*Task requirements*. Leaving out all pictures, write out word for word the lines from the one containing "painted solid wood five-drawer chest" to the end of the data below.

*Data shown*.
----------------

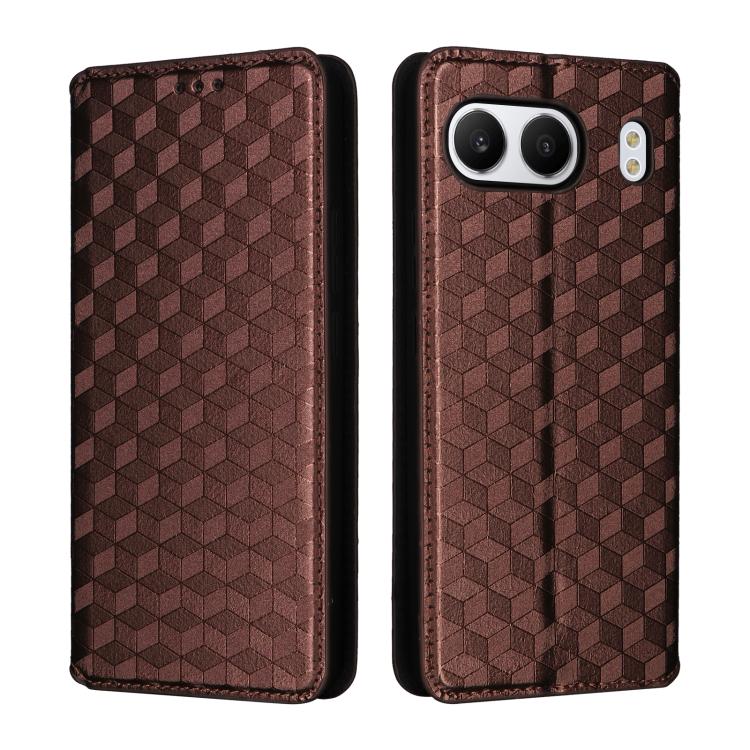 For OnePlus Nord 4 Cubic Grid Texture Flip Leather Phone Case
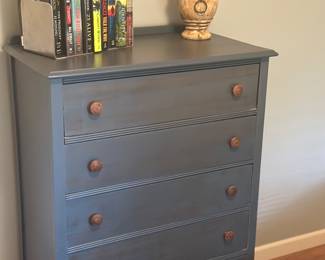 painted solid wood five-drawer chest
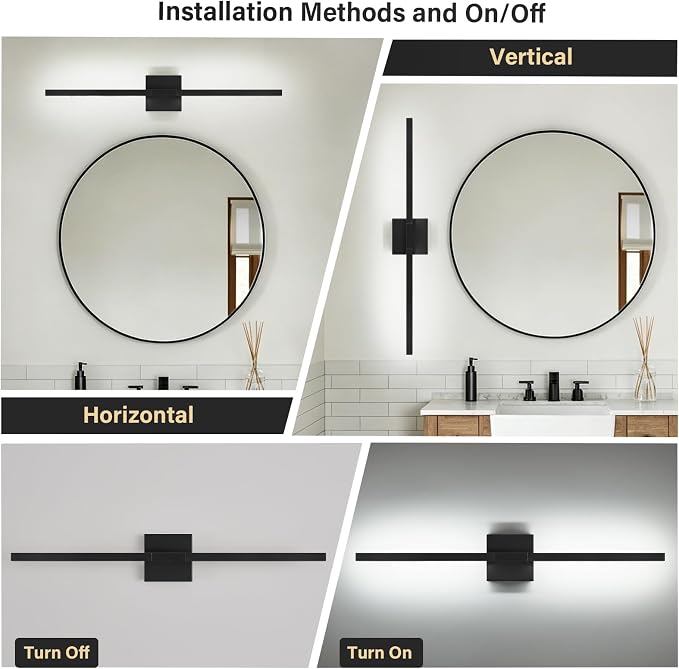 Black Bathroom Vanity Light, 31 Inch LED Light Bar Over Mirror | Modern Bathroom Light Fixture Over Mirror for Vanity, 360° Rotatable Dimmable LED Wall Mounted Lighting, ETL Certified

----------------

*Problem solution*.
 painted solid wood five-drawer chest
 Black Bathroom Vanity Light, 31 Inch LED Light Bar Over Mirror | Modern Bathroom Light Fixture Over Mirror for Vanity, 360° Rotatable Dimmable LED Wall Mounted Lighting, ETL Certified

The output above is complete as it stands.